When your system drive is an HDD, defragmenting it becomes a must. Hard disk defragmentation is an operation that puts fragments of a file saved in different locations into one single piece, so that the file can be read quicker. It is an essential part of Windows maintenance and optimization.

A hard disk consists of sectors, each capable of storing a specific amount of data. When a really big file being saved to the drive can’t fit in one sector, it gets broken up and saved to two or more different sectors. This is how file fragmentation happens.

How HDDs work

Hard disks are made of spinning platters that hold the magnetic medium, and a reading head that hovers over the platters and reads data off of them.

By default, the system tries to write file pieces as close together as possible, using neighboring sectors. However, as other files get deleted, modified or saved, there isn’t always room available in nearby sectors, which results in Windows writing file fragments onto other parts of the drive.

How HDDs work

When you click to open a fragmented file, the HDD’s reading head will sequentially go over the locations the file pieces were saved to. Therefore, the more it has to jump all over the drive, the longer it will take for the file to open.

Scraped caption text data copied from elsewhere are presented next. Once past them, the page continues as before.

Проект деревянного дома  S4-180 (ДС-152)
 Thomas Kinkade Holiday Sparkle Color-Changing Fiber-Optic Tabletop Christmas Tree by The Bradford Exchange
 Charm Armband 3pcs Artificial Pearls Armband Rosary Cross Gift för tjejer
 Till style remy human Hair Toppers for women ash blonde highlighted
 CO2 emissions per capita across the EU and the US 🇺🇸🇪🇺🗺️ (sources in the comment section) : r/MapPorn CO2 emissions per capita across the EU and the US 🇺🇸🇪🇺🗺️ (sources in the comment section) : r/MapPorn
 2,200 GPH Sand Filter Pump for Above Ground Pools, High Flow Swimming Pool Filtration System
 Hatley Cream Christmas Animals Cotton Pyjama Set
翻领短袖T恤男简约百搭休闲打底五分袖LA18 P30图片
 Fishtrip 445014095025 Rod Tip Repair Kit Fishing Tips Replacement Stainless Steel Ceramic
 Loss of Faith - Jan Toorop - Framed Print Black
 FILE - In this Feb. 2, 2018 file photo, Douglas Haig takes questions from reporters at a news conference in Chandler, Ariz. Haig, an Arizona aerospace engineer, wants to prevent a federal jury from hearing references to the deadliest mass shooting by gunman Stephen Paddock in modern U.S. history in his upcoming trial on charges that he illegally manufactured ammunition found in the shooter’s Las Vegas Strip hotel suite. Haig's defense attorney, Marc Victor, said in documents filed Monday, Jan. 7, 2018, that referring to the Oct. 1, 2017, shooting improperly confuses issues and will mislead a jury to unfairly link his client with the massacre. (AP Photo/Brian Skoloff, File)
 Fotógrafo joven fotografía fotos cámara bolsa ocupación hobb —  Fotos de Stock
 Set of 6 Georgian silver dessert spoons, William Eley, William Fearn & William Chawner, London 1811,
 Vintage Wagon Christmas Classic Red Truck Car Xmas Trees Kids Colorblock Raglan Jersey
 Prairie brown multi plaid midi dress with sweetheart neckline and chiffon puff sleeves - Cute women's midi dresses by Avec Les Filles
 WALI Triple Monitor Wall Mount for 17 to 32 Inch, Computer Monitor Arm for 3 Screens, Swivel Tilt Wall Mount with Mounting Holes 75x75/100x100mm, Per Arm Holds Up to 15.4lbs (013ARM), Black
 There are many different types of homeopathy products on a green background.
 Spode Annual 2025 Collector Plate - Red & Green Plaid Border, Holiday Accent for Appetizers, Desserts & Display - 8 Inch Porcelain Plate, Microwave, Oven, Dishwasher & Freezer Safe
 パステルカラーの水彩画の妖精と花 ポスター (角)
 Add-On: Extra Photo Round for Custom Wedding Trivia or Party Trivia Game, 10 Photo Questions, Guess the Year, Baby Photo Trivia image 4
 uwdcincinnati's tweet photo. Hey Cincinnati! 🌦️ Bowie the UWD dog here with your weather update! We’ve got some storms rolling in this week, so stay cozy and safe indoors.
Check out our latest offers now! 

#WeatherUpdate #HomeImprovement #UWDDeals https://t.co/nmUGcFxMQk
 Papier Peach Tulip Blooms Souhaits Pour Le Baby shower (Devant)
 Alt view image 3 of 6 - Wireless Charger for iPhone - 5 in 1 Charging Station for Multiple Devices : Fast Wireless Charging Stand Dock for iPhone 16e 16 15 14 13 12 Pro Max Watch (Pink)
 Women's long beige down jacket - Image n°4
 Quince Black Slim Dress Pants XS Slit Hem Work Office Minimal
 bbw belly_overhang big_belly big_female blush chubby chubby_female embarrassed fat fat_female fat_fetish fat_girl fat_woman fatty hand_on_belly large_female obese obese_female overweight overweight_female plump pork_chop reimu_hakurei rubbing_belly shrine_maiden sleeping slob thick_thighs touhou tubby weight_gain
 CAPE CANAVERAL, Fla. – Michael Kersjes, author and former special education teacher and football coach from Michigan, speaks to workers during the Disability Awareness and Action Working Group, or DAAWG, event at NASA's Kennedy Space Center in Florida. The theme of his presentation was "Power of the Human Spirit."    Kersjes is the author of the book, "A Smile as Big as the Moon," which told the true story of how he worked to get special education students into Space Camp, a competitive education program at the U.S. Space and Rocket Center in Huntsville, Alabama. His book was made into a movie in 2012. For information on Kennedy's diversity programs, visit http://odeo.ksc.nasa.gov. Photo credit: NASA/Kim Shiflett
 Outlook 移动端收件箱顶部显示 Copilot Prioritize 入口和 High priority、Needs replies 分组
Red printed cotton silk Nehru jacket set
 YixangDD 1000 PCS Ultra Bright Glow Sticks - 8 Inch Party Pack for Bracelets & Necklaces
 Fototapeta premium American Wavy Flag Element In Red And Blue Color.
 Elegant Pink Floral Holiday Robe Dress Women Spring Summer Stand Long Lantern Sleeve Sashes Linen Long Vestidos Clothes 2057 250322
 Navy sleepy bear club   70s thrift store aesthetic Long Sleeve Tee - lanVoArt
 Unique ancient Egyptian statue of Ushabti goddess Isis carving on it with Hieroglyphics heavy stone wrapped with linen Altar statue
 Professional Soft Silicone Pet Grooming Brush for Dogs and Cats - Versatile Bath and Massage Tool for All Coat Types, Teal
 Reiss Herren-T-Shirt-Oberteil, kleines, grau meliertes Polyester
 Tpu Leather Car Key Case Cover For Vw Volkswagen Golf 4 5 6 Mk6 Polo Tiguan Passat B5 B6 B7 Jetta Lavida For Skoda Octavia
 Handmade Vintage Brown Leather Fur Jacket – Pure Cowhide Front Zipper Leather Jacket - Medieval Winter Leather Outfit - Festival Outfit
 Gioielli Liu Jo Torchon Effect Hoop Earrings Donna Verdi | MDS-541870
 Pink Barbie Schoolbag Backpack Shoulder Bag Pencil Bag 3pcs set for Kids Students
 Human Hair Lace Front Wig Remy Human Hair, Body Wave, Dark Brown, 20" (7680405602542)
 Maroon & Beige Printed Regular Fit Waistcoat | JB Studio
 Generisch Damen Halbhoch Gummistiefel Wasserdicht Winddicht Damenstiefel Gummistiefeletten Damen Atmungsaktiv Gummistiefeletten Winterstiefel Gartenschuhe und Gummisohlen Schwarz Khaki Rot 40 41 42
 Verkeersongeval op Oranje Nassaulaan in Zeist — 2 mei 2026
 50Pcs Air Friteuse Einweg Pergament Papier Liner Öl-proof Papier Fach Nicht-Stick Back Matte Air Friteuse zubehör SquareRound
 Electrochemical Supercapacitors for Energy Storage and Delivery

Free space required for HDD optimization

The goal of disk defragmentation is to put file fragments as close together as possible, ideally making the files whole. This way the reading head will be able to go to the starting point once and read the entire file in one move, which, of course, is faster. The speed improvement will be especially noticeable with really large files.

In order to put all file pieces in one place, there must be space big enough to house the file. For instance, when defragmenting a 20GB file, the defragger must find 20GB of consecutive space that would be available to write the file to.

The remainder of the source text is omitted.